Deep pockets to pay that tax 

A way around that is to turn it off (a bit more realistic) or maybe include it into a % commission.


----------



## MovingAverage

jjbinks said:


> Hi @MovingAverage,
> 
> Thanks for posting the details.
> 
> My main concern is that those results look "too good."
> I guess regardless of how good they look a big part of building a system is trying your best to find a fault in it.
> 
> From what you have described it seems that you are fairly thorough with your analysis. The other important thing to think about is whether you have any look-ahead bias in your code.
> 
> When I was working on the flipper I realised that there are at least 3 different ways people approach coding this.
> 1) 20% rise from a n-day low
> 2) Use loop to make the opposite of a trailing stop (i.e. trailing buy if price 20% > lowest point since last sell)
> 3) Zig zag function
> 
> The zig zag function is forward looking.
> If you are using loops you also have to be careful.
> 
> Other places where look ahead bias can creep into your code are:
> 1)Way you set delays for buy/sell signals. (if your results are much worse on a weekly/daily timeframe then this might be an issue)
> 2)Position scores
> 3)Market filters
> 4)Stop losses
> 
> Apologies if you already looked into these. I have made these mistakes... unfortunately too many times lol.
> 
> Cheers
> JJ




Hi JJ,
Thanks for your input--I appreciate it. I've been developing and trading systems with Amibroker for many years so I too am first to admit that the results on my monthly system look way too good. Part of the motivation for posting here was in the hope people would try and poke holes in my system. I have been trying to fault it for the past few months and while I've found a few issues these haven't had a major impact on the system performance. The results are actually the reason I'm going to paper trade this system in the first instance to see how it tracks against my simulations. I should point out that my system was inspired by some of the concepts of the 20% Flipper but it is actually very different and your points 1 - 3 aren't really relevant to my monthly system. You raise a good issue regarding look ahead bias and I intend to asked a friend to review my Amibroker code to make sure I'm not falling into traps like look ahead bias. Thanks again for your input.
MA.


----------



## MovingAverage

Sir Burr said:


> Looks like profits are pyramided.
> Deep pockets to pay that tax
> 
> A way around that is to turn it off (a bit more realistic) or maybe include it into a % commission.

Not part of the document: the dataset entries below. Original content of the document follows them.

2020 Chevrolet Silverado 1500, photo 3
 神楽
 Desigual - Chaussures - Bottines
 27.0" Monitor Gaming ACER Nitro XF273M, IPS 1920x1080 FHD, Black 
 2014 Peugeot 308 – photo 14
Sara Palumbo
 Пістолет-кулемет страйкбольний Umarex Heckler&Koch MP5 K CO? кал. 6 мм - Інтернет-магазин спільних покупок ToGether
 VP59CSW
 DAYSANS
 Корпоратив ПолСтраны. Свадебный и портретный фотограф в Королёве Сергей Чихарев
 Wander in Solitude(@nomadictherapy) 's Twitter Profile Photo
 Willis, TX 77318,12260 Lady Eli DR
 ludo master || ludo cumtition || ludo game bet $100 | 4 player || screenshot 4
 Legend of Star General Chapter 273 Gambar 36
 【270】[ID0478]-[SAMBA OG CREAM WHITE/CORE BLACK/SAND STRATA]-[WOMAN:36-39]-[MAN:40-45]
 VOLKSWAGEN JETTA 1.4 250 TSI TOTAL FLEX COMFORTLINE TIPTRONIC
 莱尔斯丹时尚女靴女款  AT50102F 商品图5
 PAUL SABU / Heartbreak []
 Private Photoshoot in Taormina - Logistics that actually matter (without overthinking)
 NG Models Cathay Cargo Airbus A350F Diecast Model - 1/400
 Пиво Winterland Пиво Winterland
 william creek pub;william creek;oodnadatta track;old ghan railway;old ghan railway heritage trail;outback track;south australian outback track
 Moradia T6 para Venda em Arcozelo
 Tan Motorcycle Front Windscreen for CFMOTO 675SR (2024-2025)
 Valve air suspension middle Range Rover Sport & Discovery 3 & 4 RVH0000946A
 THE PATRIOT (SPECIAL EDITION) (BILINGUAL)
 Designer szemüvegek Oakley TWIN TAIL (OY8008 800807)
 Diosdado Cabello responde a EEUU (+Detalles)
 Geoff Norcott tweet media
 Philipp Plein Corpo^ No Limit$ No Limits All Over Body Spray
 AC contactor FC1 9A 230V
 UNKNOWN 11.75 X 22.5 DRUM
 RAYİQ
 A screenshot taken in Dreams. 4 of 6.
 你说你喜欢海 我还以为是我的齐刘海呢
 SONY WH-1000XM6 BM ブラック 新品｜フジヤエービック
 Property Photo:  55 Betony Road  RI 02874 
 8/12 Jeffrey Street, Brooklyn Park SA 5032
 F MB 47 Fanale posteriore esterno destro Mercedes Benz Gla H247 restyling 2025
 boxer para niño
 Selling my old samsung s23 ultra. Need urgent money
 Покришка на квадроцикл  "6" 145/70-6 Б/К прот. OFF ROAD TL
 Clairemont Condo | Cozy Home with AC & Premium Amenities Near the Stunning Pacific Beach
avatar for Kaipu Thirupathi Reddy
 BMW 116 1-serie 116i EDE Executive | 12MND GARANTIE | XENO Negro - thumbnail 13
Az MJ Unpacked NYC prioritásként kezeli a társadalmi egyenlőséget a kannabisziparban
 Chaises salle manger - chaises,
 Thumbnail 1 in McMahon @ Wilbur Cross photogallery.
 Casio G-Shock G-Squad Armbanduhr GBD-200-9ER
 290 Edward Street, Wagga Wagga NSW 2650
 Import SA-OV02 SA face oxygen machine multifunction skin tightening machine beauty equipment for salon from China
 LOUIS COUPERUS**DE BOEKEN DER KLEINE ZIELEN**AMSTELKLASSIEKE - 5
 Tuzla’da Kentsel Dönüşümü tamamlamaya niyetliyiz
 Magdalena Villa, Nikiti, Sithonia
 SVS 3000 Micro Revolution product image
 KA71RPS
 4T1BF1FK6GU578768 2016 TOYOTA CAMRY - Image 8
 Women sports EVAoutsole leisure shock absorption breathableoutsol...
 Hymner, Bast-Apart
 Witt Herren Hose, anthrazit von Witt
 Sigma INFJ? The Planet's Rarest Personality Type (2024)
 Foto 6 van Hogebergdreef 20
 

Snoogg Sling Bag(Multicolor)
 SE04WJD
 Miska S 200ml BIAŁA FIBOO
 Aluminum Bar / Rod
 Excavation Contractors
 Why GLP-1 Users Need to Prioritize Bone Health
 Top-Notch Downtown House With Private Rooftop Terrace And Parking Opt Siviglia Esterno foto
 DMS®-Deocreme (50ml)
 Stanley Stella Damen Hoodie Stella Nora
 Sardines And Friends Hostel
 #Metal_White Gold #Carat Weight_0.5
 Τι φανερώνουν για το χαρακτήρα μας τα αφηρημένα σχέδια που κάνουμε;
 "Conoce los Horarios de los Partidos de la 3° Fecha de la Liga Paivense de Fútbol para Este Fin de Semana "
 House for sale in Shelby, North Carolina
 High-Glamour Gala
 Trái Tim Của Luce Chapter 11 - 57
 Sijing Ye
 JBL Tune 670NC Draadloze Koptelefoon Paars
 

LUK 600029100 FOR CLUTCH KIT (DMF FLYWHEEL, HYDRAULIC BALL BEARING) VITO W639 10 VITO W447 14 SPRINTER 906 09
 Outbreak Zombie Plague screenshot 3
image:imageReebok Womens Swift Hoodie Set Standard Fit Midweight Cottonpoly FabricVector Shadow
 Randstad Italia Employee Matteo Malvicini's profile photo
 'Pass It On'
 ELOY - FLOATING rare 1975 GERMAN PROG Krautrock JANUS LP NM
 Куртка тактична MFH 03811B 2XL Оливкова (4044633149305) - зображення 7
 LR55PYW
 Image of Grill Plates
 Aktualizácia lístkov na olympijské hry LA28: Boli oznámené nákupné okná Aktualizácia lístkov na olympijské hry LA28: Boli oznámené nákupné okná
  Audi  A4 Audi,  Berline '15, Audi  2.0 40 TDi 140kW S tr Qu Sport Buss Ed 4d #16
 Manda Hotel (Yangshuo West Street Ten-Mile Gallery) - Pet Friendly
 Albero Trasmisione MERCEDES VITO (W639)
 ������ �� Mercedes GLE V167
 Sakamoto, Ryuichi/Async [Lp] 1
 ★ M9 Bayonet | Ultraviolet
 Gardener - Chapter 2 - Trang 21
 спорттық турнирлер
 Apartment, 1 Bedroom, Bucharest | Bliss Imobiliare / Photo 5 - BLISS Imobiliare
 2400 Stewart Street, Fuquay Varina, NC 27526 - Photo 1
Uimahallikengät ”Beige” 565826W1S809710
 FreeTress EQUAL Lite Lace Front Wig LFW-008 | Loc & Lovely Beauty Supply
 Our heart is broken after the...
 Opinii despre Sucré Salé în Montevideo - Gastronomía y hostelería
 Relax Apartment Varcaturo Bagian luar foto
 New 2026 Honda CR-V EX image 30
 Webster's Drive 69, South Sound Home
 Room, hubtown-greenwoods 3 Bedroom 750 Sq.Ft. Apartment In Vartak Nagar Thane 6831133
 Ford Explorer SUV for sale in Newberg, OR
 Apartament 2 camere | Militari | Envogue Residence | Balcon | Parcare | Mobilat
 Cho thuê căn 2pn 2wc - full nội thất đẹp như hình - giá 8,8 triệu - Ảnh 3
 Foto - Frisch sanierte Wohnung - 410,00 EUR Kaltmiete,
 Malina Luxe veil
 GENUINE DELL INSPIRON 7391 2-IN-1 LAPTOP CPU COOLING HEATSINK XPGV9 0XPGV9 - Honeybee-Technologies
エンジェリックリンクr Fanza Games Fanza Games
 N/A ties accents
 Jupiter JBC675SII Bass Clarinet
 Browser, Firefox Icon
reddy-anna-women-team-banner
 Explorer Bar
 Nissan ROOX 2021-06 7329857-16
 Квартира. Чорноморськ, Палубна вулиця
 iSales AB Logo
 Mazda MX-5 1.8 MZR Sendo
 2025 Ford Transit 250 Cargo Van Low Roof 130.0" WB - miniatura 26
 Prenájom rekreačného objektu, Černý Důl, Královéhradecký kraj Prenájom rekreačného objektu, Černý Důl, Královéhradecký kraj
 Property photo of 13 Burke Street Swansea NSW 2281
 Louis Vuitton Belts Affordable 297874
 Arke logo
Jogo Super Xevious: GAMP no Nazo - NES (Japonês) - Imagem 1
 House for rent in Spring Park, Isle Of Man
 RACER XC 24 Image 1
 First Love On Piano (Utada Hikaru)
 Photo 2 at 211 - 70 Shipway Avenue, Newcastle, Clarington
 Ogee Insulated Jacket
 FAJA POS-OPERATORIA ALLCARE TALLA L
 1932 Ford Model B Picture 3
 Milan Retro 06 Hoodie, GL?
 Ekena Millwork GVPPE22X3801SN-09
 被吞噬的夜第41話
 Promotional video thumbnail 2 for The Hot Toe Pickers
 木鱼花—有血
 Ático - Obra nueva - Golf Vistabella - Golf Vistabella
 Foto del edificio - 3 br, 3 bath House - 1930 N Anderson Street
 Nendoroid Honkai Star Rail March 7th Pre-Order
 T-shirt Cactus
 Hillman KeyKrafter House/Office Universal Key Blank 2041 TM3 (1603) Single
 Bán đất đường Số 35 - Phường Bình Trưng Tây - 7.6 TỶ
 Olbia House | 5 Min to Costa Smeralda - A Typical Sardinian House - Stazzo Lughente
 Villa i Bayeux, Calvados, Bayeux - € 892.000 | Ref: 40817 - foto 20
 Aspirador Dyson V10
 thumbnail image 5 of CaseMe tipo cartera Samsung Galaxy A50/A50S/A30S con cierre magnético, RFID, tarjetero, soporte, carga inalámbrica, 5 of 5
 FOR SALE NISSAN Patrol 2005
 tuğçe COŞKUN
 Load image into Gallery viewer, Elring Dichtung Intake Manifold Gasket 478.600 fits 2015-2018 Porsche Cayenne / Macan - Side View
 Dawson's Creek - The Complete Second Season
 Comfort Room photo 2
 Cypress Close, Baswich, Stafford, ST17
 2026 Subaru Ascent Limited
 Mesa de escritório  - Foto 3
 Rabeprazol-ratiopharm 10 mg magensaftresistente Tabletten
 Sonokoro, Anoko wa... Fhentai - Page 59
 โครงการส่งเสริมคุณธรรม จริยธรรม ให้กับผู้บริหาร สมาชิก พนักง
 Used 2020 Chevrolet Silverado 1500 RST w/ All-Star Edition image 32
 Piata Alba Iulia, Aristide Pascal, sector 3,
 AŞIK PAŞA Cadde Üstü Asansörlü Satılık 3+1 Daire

No pyramiding of profits. I don't live trade like that so my simulations don't do it. As I mentioned in my original post, each position is 5% of portfolio value (open positions + cash) with a max of 20 simultaneous open positions. My sims also do not allow position size shrinking in the event cash is less than 5% position size.


----------



## Sir Burr

MovingAverage said:


> review my Amibroker code




If you use it, check Positionscore includes a delay.


----------



## qldfrog

Sir Burr said:


> If you use it, check Positionscore includes a delay.



We had a bit of fun a year ago trying to find forward looking code etc, in a miraculous system
It can be well hidden and tricky
Taxes are important as well
A basic flipper was going from 100k to 10 million from 2006 to now.
 if you pay your tax at 33% rate..which is very low and you would need a good accountant for that in Australia ,it ended up at 3millions and would be actually worse as it would hit very hard during draw down periods
So yes, make sure it is not too good to be true
Trouble with monthly systems is it will take ages to detect any error, or realise market has changed..my 2c


----------



## MovingAverage

Sir Burr said:


> If you use it, check Positionscore includes a delay.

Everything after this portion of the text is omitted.